-------- Input for this task --------

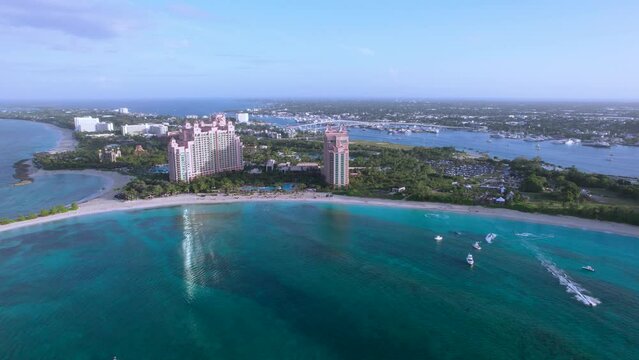 The drone aerial footage of Cove beach of Paradise Island on the background of Nassau city and bridges, Bahamas.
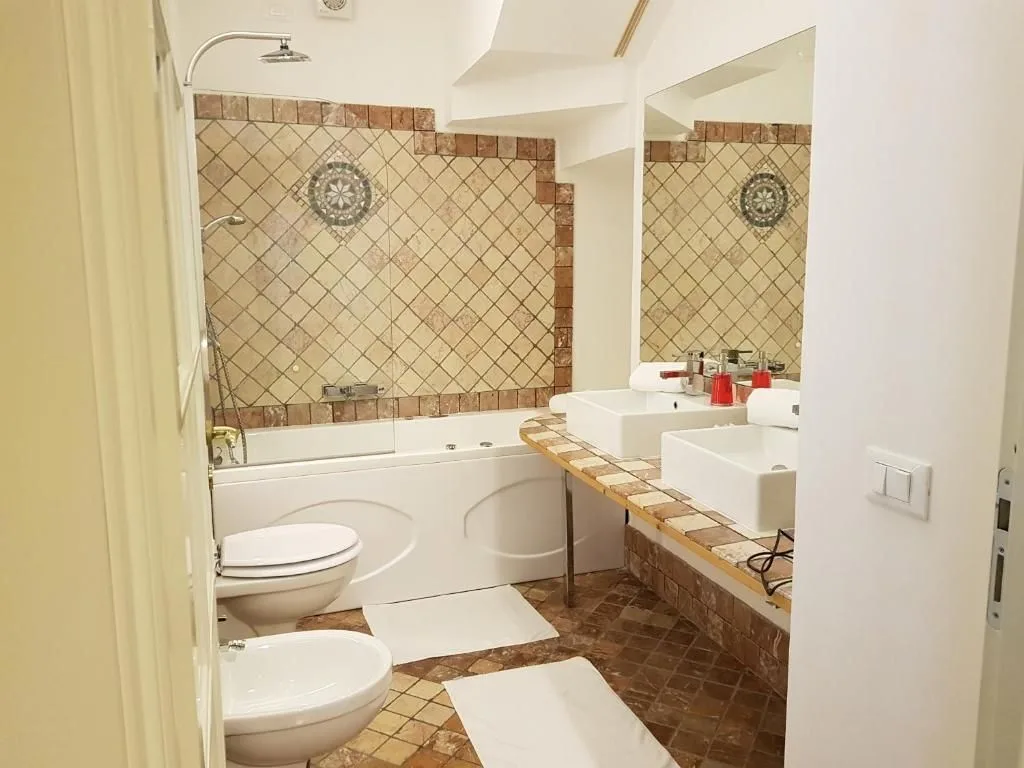 Bagno con vasca idromassaggio, doppio lavabo e piastrelle a mosaico beige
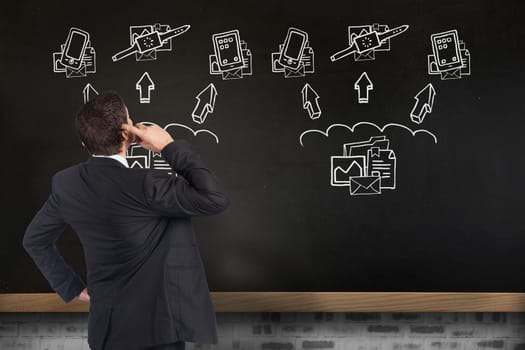 Thinking businessman scratching head against blackboard on wall with business technology doodle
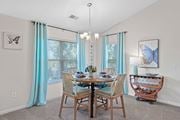 Liberty Township apartment for rent - Dining room with a table and chairs and a chandelier at Four Bridges, Liberty Township, OH, 45044-8380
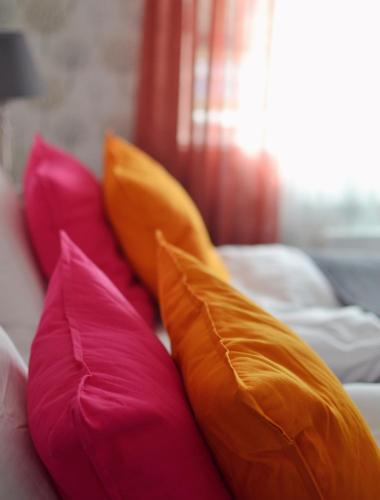 a group of pillows on a couch at Putiikkihotelli Kemi 1932 in Kemi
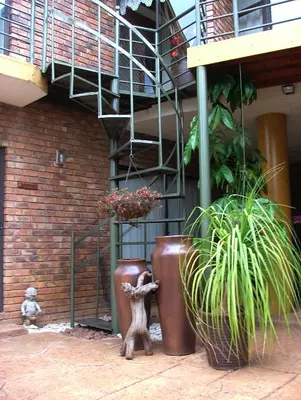 a statue of a animal standing in front of a building at Francor Guesthouse in Pretoria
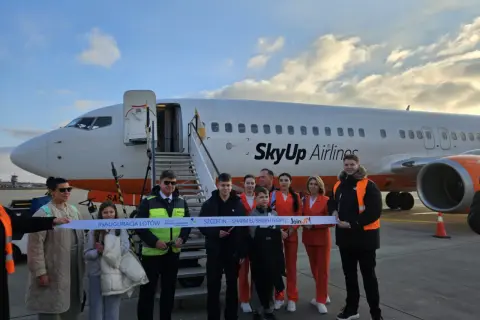 Grupa osób przecina wstęgę przed samolotem SkyUp Airlines. Inauguracja lotów do Szarm El-Szejk. Lotnisko nad morzem.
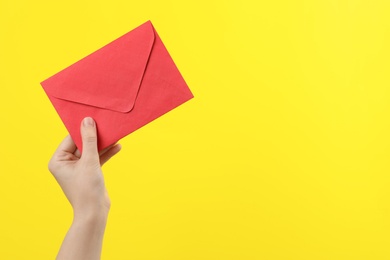 Woman holding red paper envelope on yellow background, closeup. Space for text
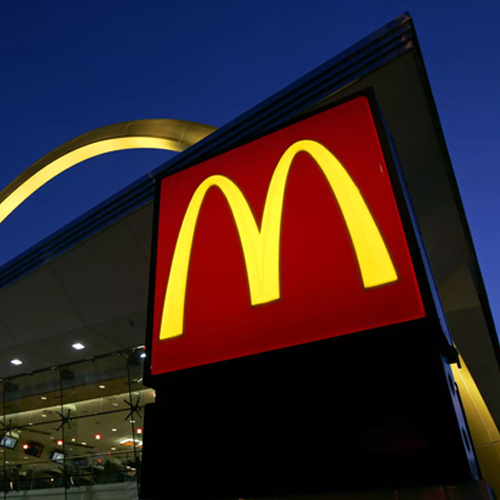 The McDonald’s restaurant logo and golden arch is lit up in Chicago.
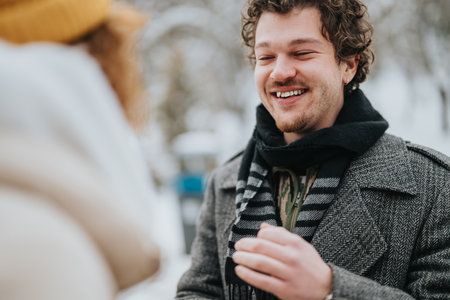 Two friends enjoying a cheerful moment outdoors on a winter dayの写真素材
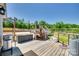 Spacious wooden deck with staircase and outdoor cooking equipment, perfect for entertaining at 1780 Sierra Rd, York, SC 29745
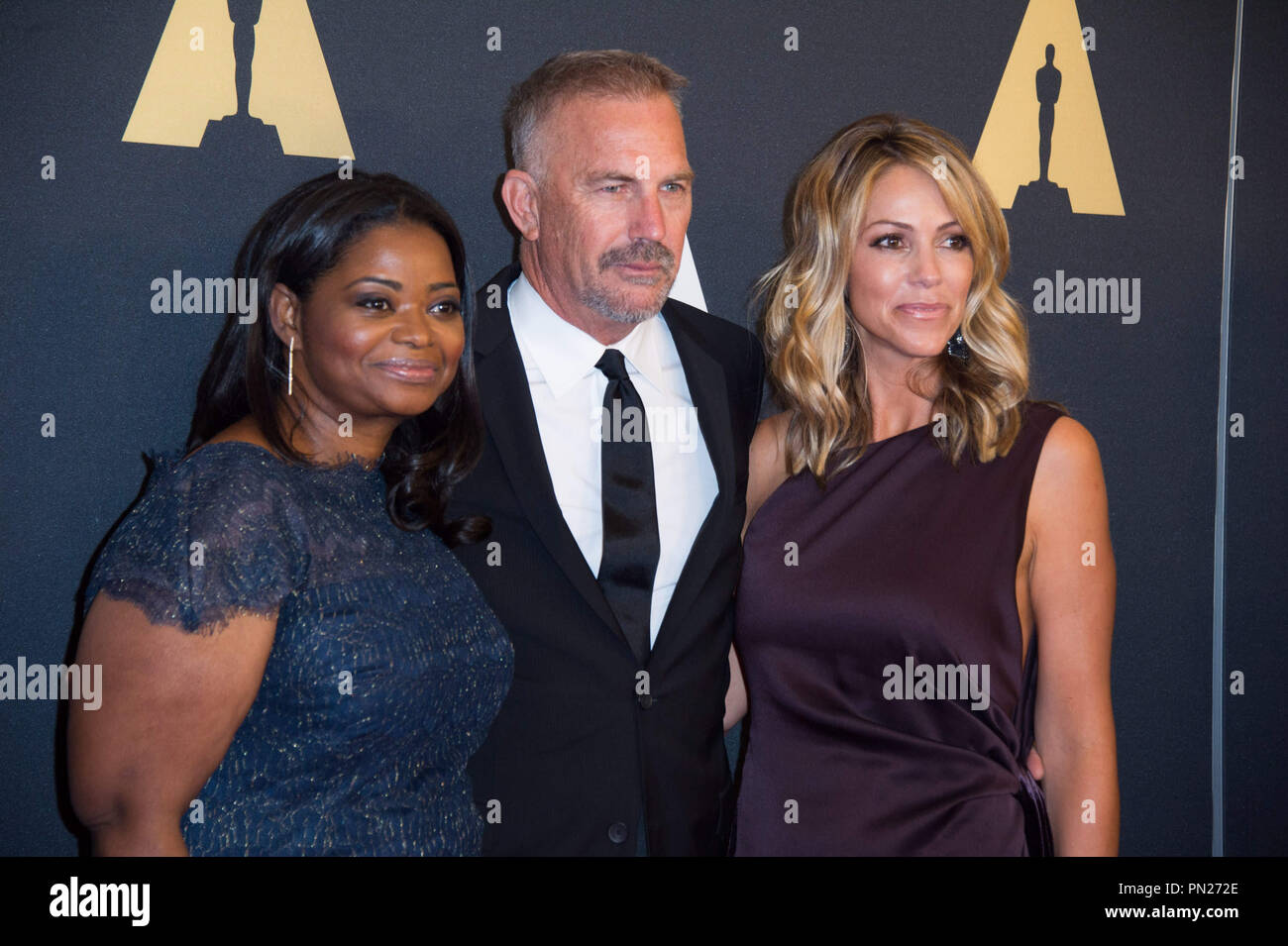 Octavia Spencer (left), Kevin Costner (center) and Christine Baumgartner attend the 6th Annual Governors Awards in The Ray Dolby Ballroom at Hollywood & Highland Center® in Hollywood, CA, on Saturday, November 8, 2014.  File Reference # 32487 036THA  For Editorial Use Only -  All Rights Reserved Stock Photo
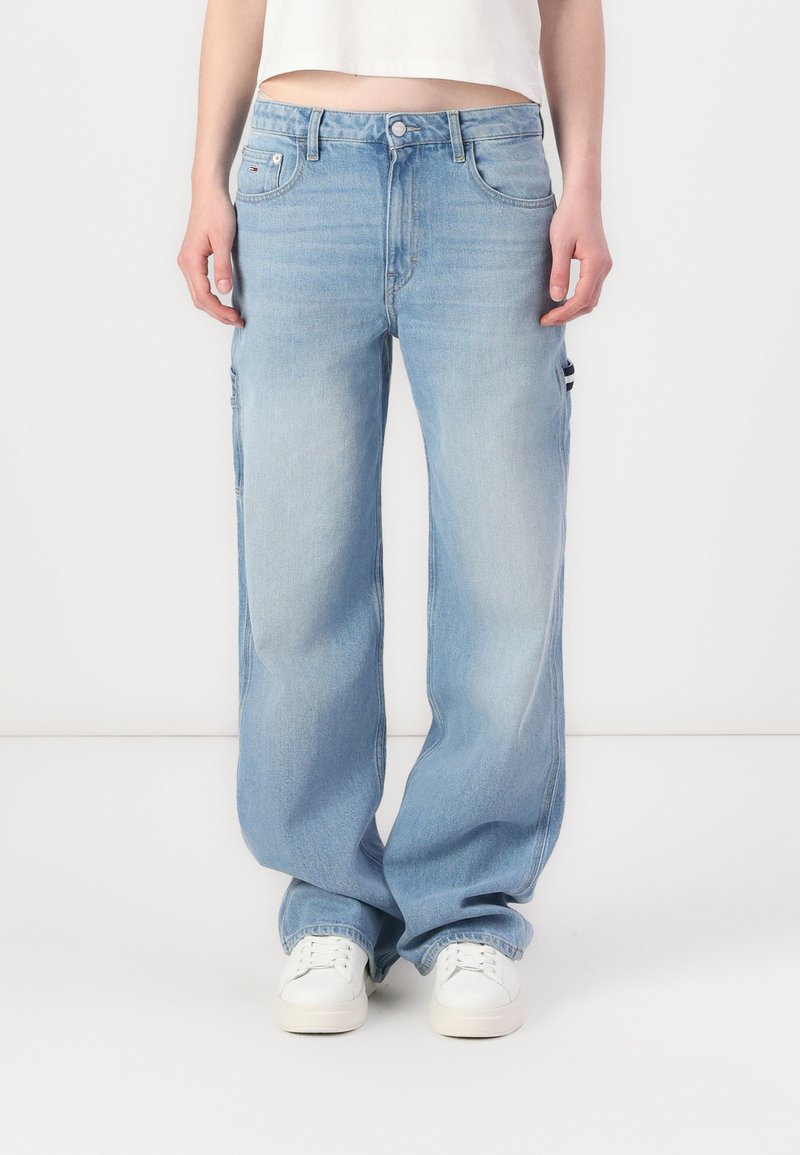 Lichtblauwe wijde jeans met een hoge taille, voorzakken en zij cargos. Gemaakt van denim met een vervaagde afwerking. Witte sneakers gedragen.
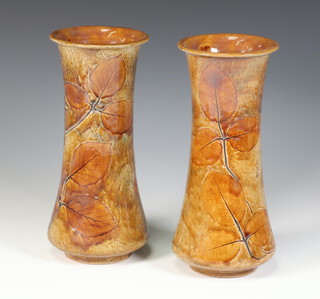 A pair of Royal Doulton stoneware waisted vases decorated with leaves X8531N/7566 23cm 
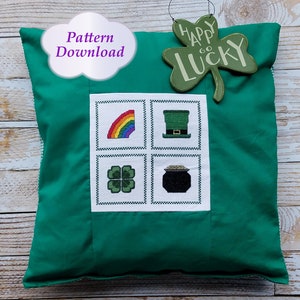 May include: Green pillow with a white square in the center. The square is divided into four smaller squares, each containing a different St. Patrick's Day themed cross-stitch design: a rainbow, a leprechaun hat, a four-leaf clover, and a pot of gold. The pillow has the text "Pattern Download" in a purple cloud above the square. A green shamrock sign with the text "Happy Go Lucky" is hanging above the pillow.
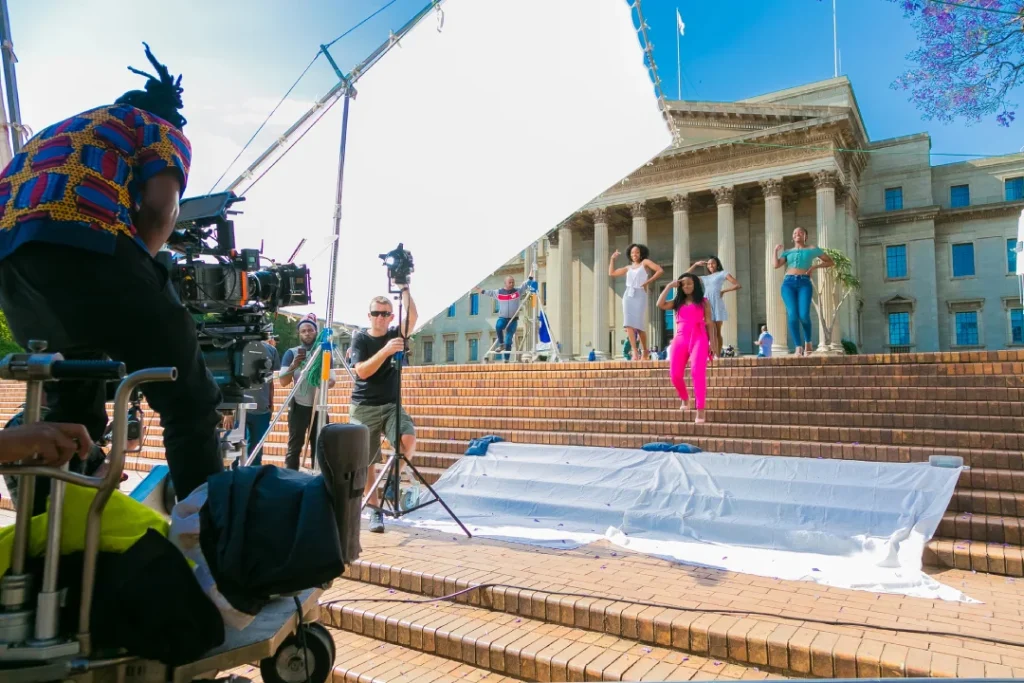 Professional crew filming on grand steps for Commercial Video Production Company Sugar Land outdoor campaign scene.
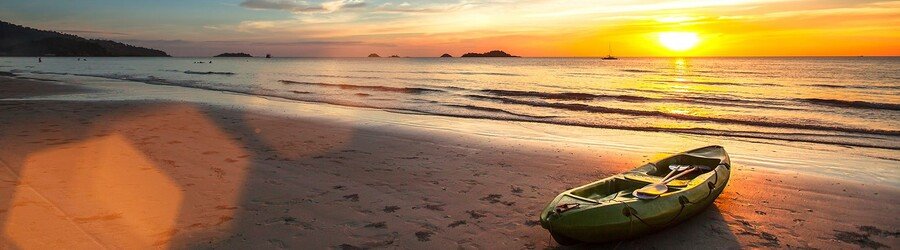 Kayak resting on the sand at sunset on a quiet Maui beach with golden light over the ocean.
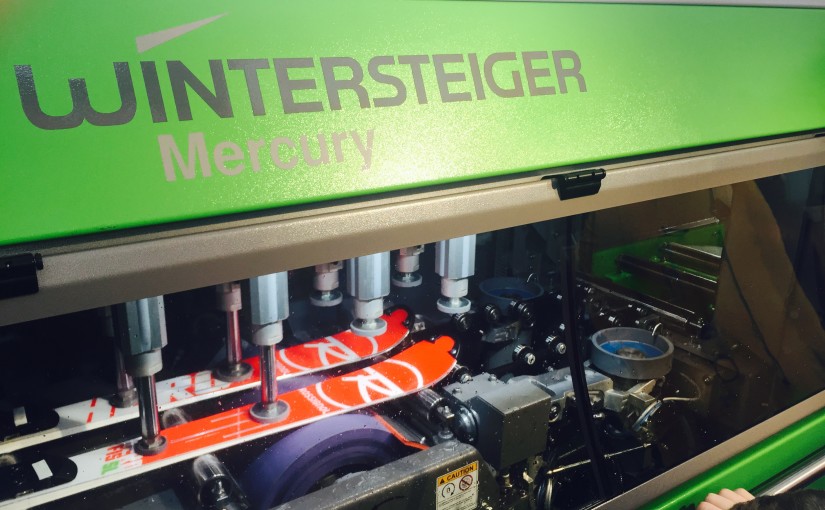 New race ski prep work being done on the Wintersteiger Mercury ski tuning machine at Peak Performance Ski Shop.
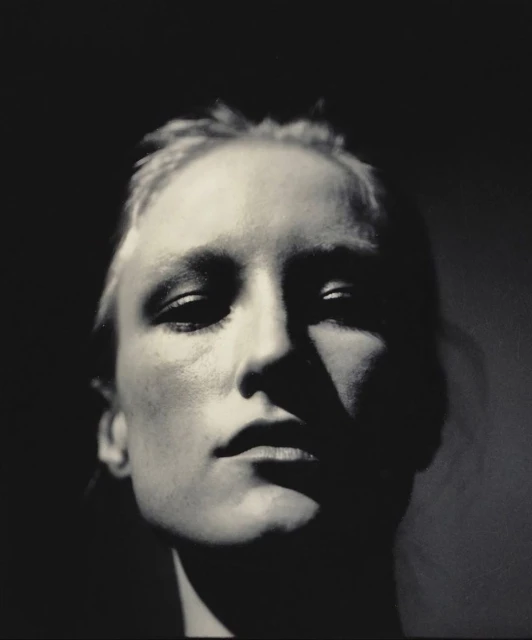 Monochromatic portrait of a woman with dark hair in a low-key lighting setup, face angled slightly down creating dramatic shadows.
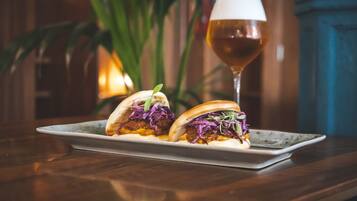 A plate with two tacos and a glass of beer on a wooden table.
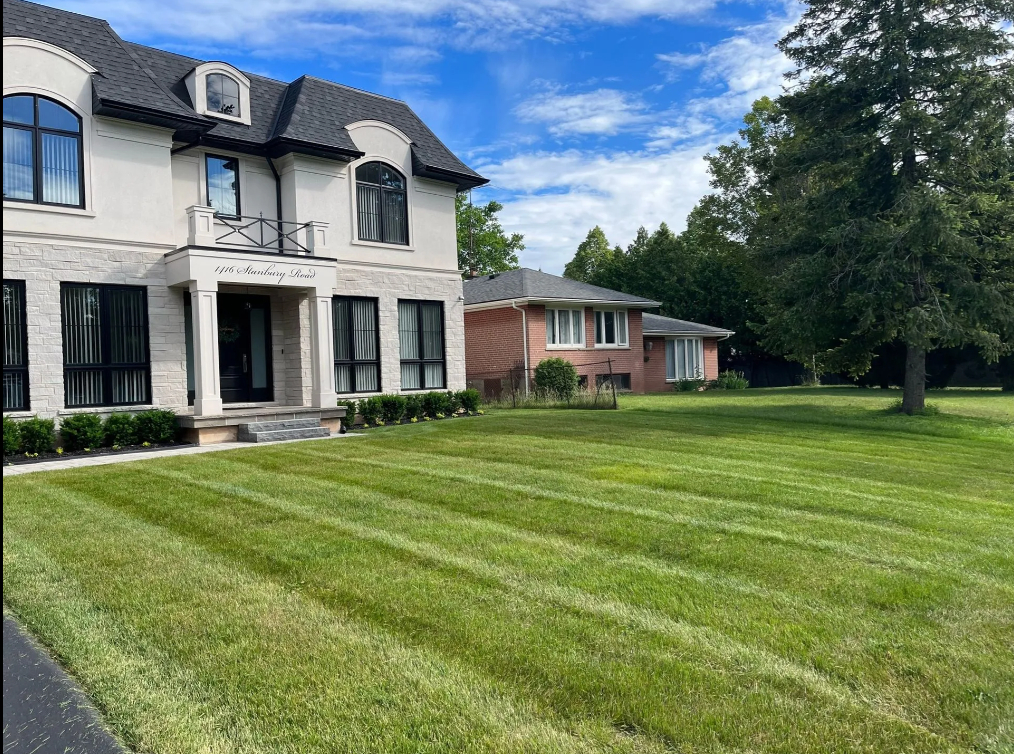 A large white two-story house with black roof and windows, a small balcony, and the address 1116 Stambury Road on the front, surrounded by a well-maintained lawn and a tree on the right, with a partly cloudy sky overhead.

--------

■ **Exercise requirements**: Copy only what runs above from the line containing "Liberty Township apartment" through the line containing "a group of pillows", exactly. Leave out the pictures.

■ **Written answer**:
 Liberty Township apartment for rent - Dining room with a table and chairs and a chandelier at Four Bridges, Liberty Township, OH, 45044-8380
 a group of pillows on a couch at Putiikkihotelli Kemi 1932 in Kemi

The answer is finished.